ITEM 1A - RISK FACTORS
 
An investment in our securities is subject to numerous risks, including the Risk Factors described below. Our business, operating results or financial condition could be materially adversely affected by any of the following risks. The risks described below are not the only ones we face. Additional risks we are not presently aware of or that we currently believe are immaterial may also materially affect our business. The trading price of our Common Stock could decline due to any of these risks. In assessing these risks, you should also refer to the other information contained or incorporated by reference in this Form 10-Q, including our financial statements and related notes and information contained in our Form 10-K for the year ended December 31, 2007.

We have a limited operating history with our business model, which limits the information available to you to evaluate our business.
Since our inception in 1984, we have accumulated deficits from historical operations of approximately $26,515,000 at March 31, 2008. In 2002, we changed our business model and chose to strategically focus on becoming a developer and marketer of secure technologies for all forms of print media.
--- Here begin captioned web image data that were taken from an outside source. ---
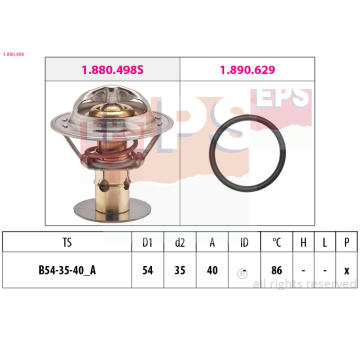 Termostat, chladivo EPS 1.880.498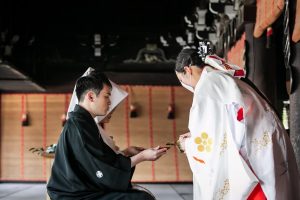 結婚奉告祭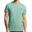 Tricou Superdry Essential Logo din bumbac organic verde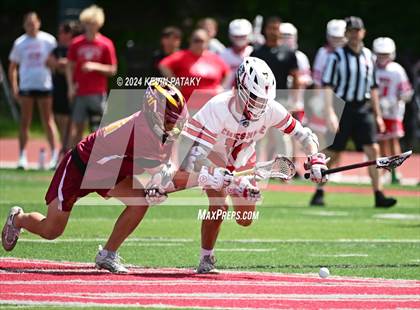 Thumbnail 1 in St. Joseph vs. Cheshire (CIAC Class L Final) photogallery.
We have continued to incur losses since we began our new business model. Also, we have limited operating and financial information relating to this new business to evaluate our performance and future prospects. Due to the change in our business model, we do not view our historical financials as being a good indication of our future. We face the risks and difficulties of a company going into a new business including the uncertainties of market acceptance, competition, cost increases and delays in achieving business objectives. There can be no assurance that we will succeed in addressing any or all of these risks, and the failure to do so could have a material adverse effect on our business, financial condition and operating results.

We have secured credit facilities that have large principal payments due and if we are unable to repay them with cash we may be forced to repay, in whole on in part, with each credit facility’s applicable collateral, which would have a material adverse effect on our financial position.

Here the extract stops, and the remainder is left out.